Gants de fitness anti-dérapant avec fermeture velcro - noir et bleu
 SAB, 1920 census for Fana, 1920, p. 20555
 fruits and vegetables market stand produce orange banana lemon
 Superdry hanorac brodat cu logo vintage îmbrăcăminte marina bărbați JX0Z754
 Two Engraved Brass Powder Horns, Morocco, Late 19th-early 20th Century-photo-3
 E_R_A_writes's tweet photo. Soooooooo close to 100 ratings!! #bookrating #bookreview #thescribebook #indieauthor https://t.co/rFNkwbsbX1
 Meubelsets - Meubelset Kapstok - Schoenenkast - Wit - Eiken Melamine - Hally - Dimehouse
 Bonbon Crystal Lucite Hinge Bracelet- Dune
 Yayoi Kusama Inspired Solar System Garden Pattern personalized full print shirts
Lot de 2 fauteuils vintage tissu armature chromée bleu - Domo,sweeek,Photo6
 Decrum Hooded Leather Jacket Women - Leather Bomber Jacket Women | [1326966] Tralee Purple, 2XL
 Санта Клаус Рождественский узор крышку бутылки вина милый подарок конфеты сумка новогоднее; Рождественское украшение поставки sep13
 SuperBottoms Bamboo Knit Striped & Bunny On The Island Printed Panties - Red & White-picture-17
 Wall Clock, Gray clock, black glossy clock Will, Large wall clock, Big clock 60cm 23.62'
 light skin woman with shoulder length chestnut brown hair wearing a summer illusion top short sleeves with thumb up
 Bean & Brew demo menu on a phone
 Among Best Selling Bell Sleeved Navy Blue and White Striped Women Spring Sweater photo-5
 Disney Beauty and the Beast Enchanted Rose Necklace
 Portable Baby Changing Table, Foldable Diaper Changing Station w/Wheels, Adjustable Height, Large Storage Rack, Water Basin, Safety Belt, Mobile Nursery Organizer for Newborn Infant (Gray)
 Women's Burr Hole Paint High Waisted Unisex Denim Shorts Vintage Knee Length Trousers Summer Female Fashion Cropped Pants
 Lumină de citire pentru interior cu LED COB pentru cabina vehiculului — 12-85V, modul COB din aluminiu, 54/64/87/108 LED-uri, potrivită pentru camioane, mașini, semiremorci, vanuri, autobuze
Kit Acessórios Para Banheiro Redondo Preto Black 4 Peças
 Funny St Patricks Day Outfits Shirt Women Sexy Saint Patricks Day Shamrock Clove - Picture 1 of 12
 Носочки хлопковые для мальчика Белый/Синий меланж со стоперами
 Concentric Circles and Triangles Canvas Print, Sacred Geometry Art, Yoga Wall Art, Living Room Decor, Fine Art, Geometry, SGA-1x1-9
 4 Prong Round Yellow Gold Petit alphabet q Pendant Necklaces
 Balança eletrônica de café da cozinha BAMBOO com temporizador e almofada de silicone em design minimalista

## TASK INSTRUCTIONS
Reproduce verbatim only this range: the first line of the material through the line that contains "Meubelsets - Meubelset", inclusive.

## ANSWER FOR THIS EXERCISE
Gants de fitness anti-dérapant avec fermeture velcro - noir et bleu
 SAB, 1920 census for Fana, 1920, p. 20555
 fruits and vegetables market stand produce orange banana lemon
 Superdry hanorac brodat cu logo vintage îmbrăcăminte marina bărbați JX0Z754
 Two Engraved Brass Powder Horns, Morocco, Late 19th-early 20th Century-photo-3
 E_R_A_writes's tweet photo. Soooooooo close to 100 ratings!! #bookrating #bookreview #thescribebook #indieauthor https://t.co/rFNkwbsbX1
 Meubelsets - Meubelset Kapstok - Schoenenkast - Wit - Eiken Melamine - Hally - Dimehouse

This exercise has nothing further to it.